Only the lines from the one containing "Heart with Cutout Dog Paw Name Necklace" to the end of the records belong in the answer; repeat them exactly and drop the pictures.

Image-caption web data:
= = = = = = =

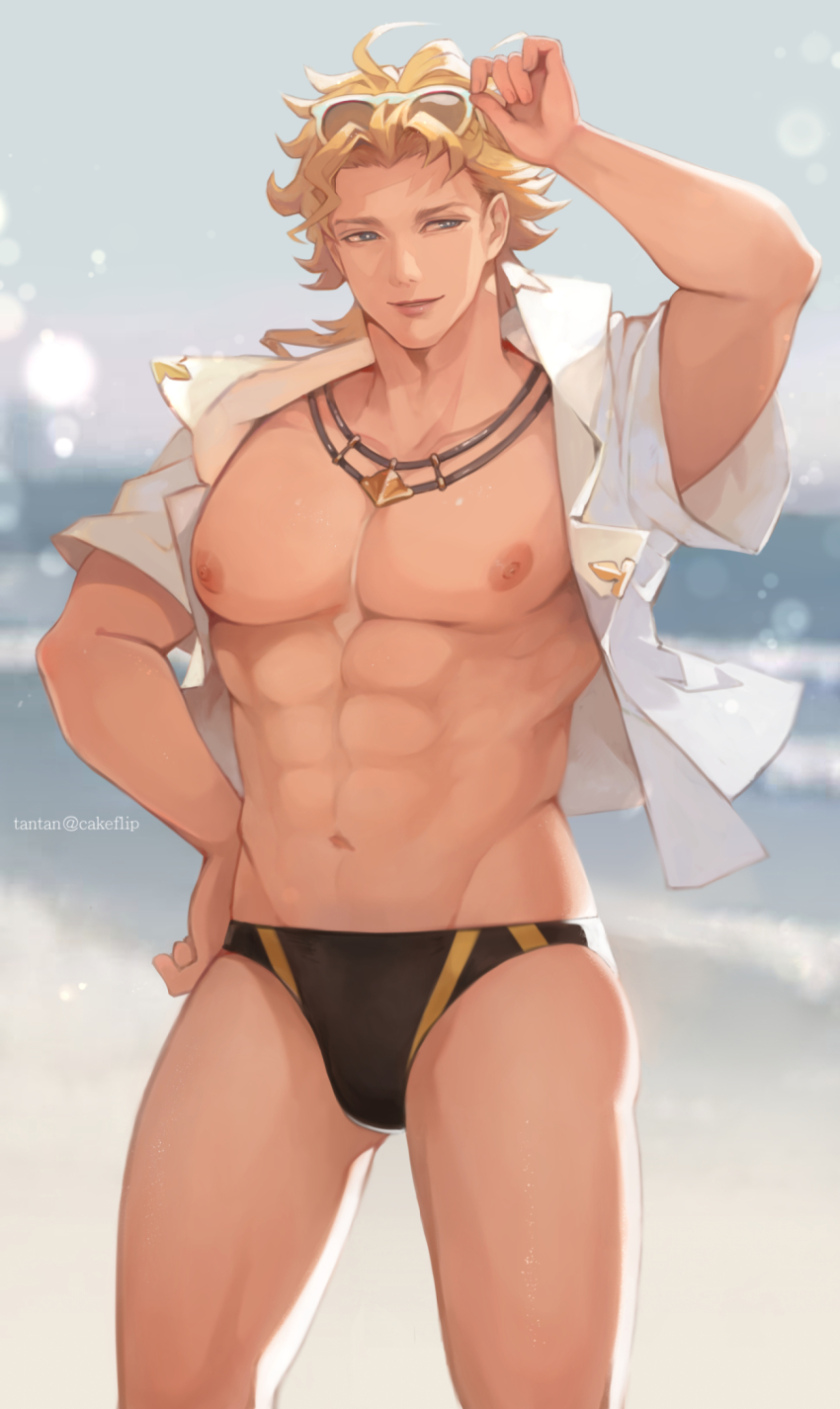 1boy, abs, bara, beach, black_male_swimwear, black_swim_briefs, blonde_hair, blue_eyes
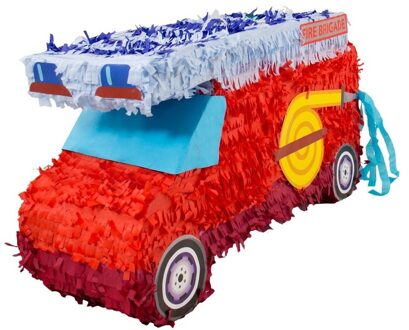 Pinata rode brandweerwagen - 18 x 52 x 30 cm - rood - auto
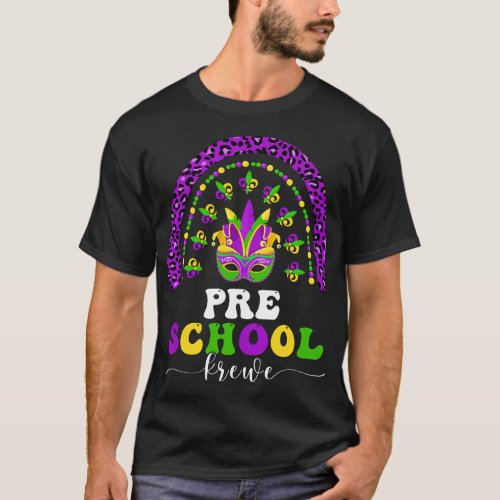 Leopard Rainbow Preschool Crew Teacher Funny Mardi T_Shirt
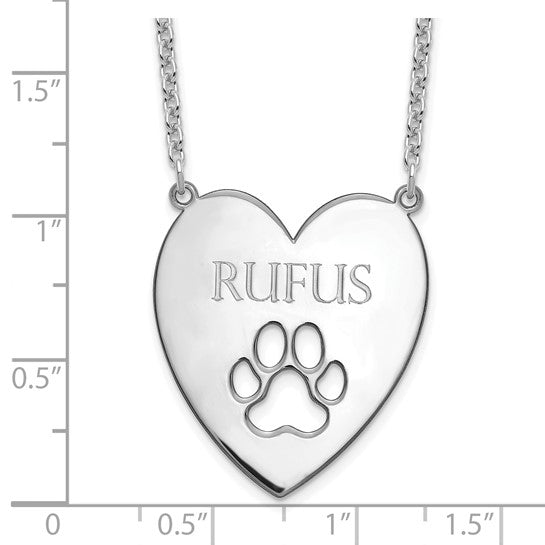 Heart with Cutout Dog Paw Name Necklace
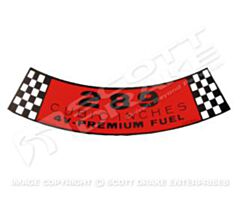 65-66 289-4V Premium fuel luchtfiltersticker
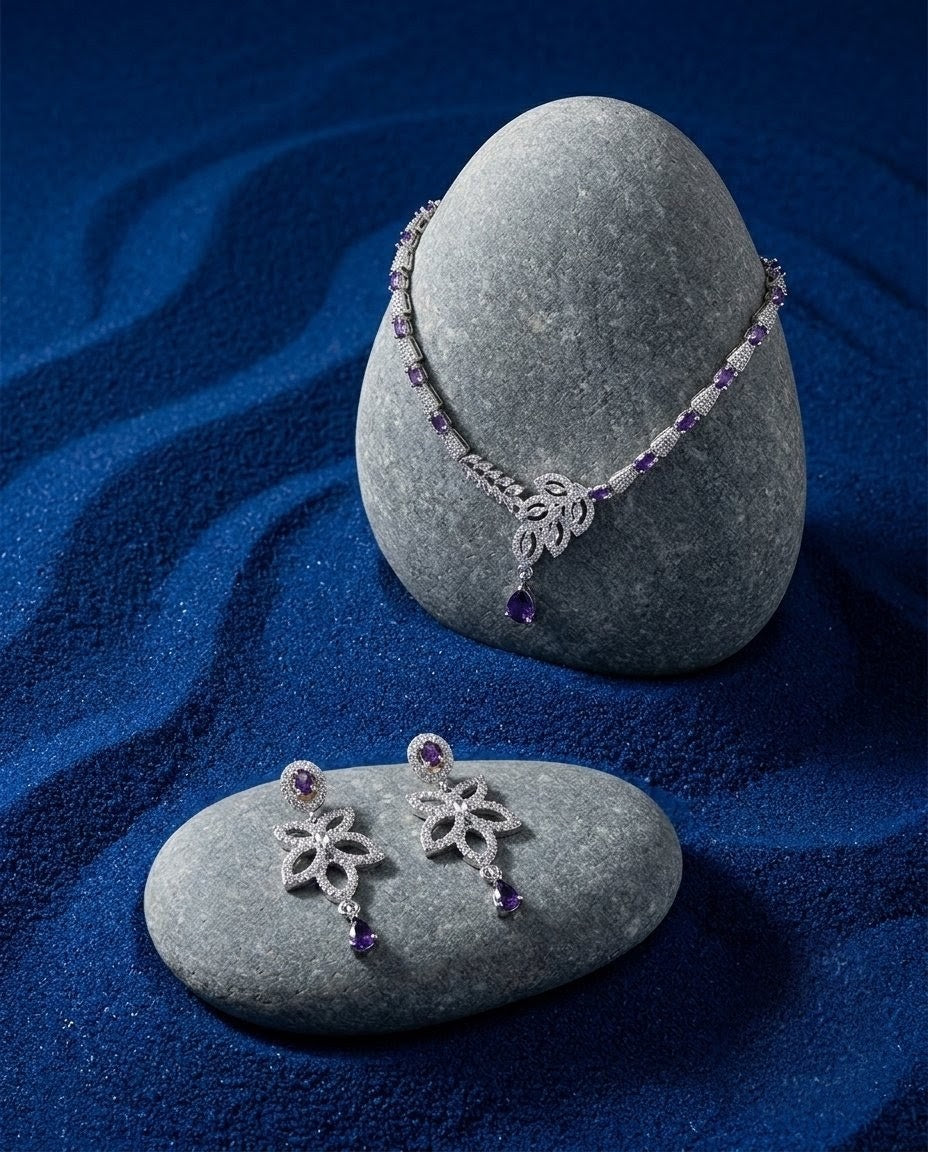 Silver-Plated Teardrop CZ Necklace & Earrings Set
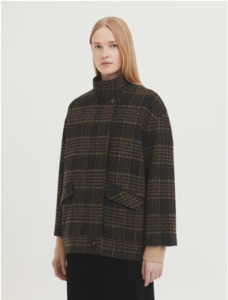 Frontpage: Plaid Wool Mix Jacket-Dark Grey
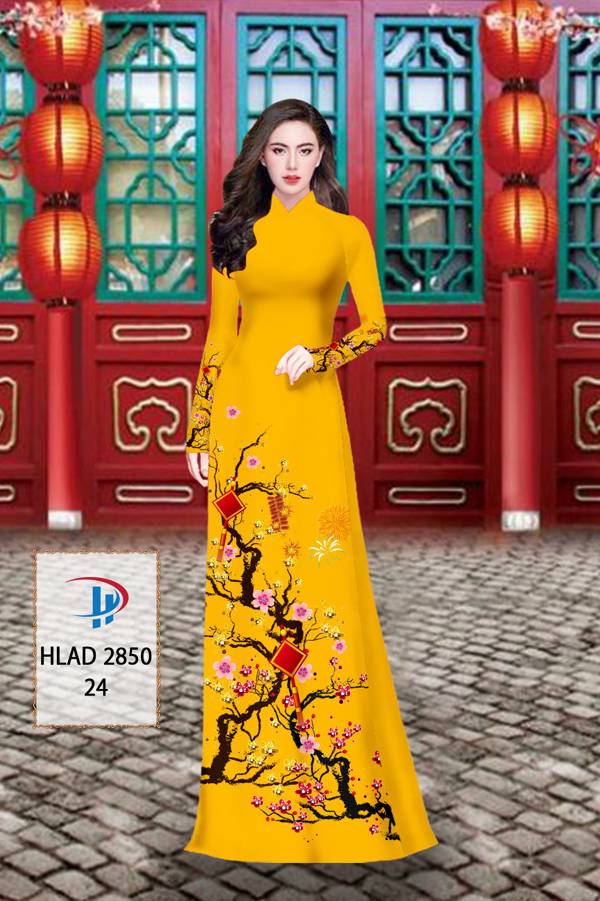 Vải Áo Dài Tết Hoa Mai kiểu mới AD HLAD 2850 59 Vải Áo Dài Tết Hoa Mai kiểu mới AD HLAD 2850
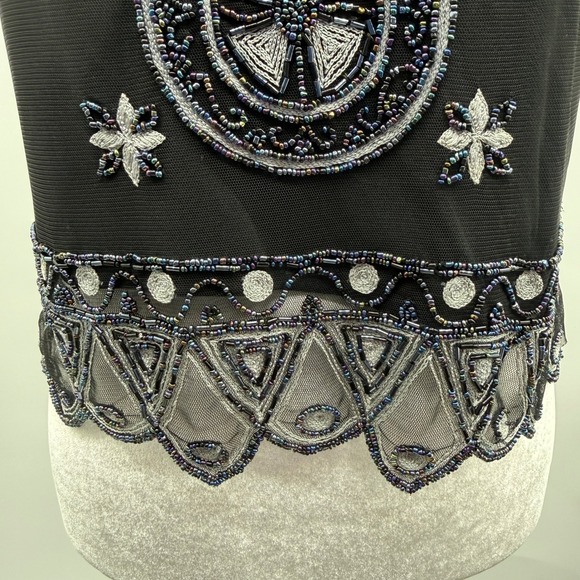 Vintage Y2K Papell Boutique Beaded Mesh Overlay Tank in Black Size Small - Picture 7 of 11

= = = = = = =

- _Answer to this exercise_:
 Heart with Cutout Dog Paw Name Necklace
 65-66 289-4V Premium fuel luchtfiltersticker
 Silver-Plated Teardrop CZ Necklace & Earrings Set
 Frontpage: Plaid Wool Mix Jacket-Dark Grey
 Vải Áo Dài Tết Hoa Mai kiểu mới AD HLAD 2850 59 Vải Áo Dài Tết Hoa Mai kiểu mới AD HLAD 2850
 Vintage Y2K Papell Boutique Beaded Mesh Overlay Tank in Black Size Small - Picture 7 of 11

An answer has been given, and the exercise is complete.